Antisocial Engineering is all around us, but we let people get away with it, often because we’re too scared to confront others for fear of being “a jobsworth” or sometimes simply because we don’t recognise it. Think I’m being picky? Then you’re probably an Antisocial Engineer.
Antisocial Engineers are a tricky breed, indeed many of us show Antisocial Engineering behaviours on occasions and don’t even recognise it. Antisocial Engineering is the skipping of steps because it’s convenient. It’s the quick change from the specification because that will get it working (when you ultimately forget to later update the spec.). Antisocial Engineering is asking someone else to be non-compliant to the ICD so you don’t have to up issue the document. Get the idea? Antisocial Engineering is for your own convenience.
Why is antisocial Engineering so bad when it gets the job done? Well the problem is that so often it only gets YOUR job done, and then you have to spend your time (or watch others waste theirs) convincing others to overlook your small changes, or help them implement fixes so that their system/subsystem/component/artefact conforms to your new pseudo-interface. As soon as your team size rises above one, it no longer becomes effective to make undocumented changes (i.e hacks) to get things done. To be really harsh, if your team size is one and you’re making undocumented hacks to get the job done then you’re hacking, not engineering.
This view is often at odds with a number of other viewpoints.
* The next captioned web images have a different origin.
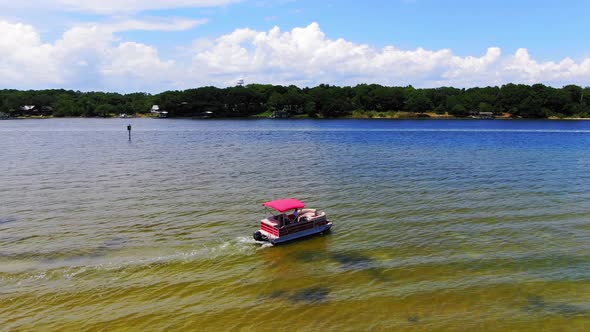 Aerial view panning right of a pontoon boat leaving some small islands near Destin Florida. alt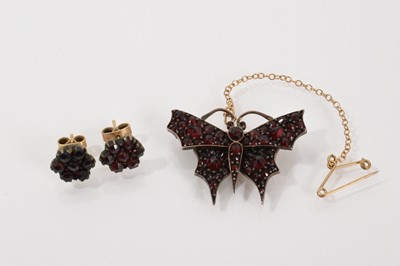 Lot 612 - 19th century Bohemian garnet butterfly brooch and a pair of garnet flower head cluster earrings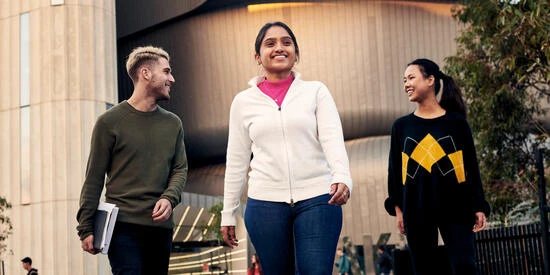 Three students walking on Deakin Burwood Campus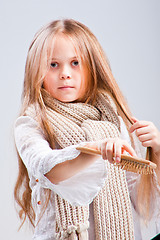 Image showing Cute girl combing long blond hair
From the viewpoint of a “results driven business” it is picky and anal at the expense of the project. From the viewpoint of a PM looking to close out a project phase it is inhibitive and frustrating and from the viewpoint of an Antisocial Engineer it is unnecessary. Unfortunately, the merit of this rigidity lies beyond the scope of these individuals and lies in that of the greater good. It might not be in the phase of your project, it might not even be within your company or your phase of the lifecycle but the merit lies there and others will thank you.
So dot your “I”s and cross your “T”s, do what you have said you’re going to do, stick to the script and document your work. Be a “Social Engineer’ and slowly, together, we will make the world (of engineering!) a better place.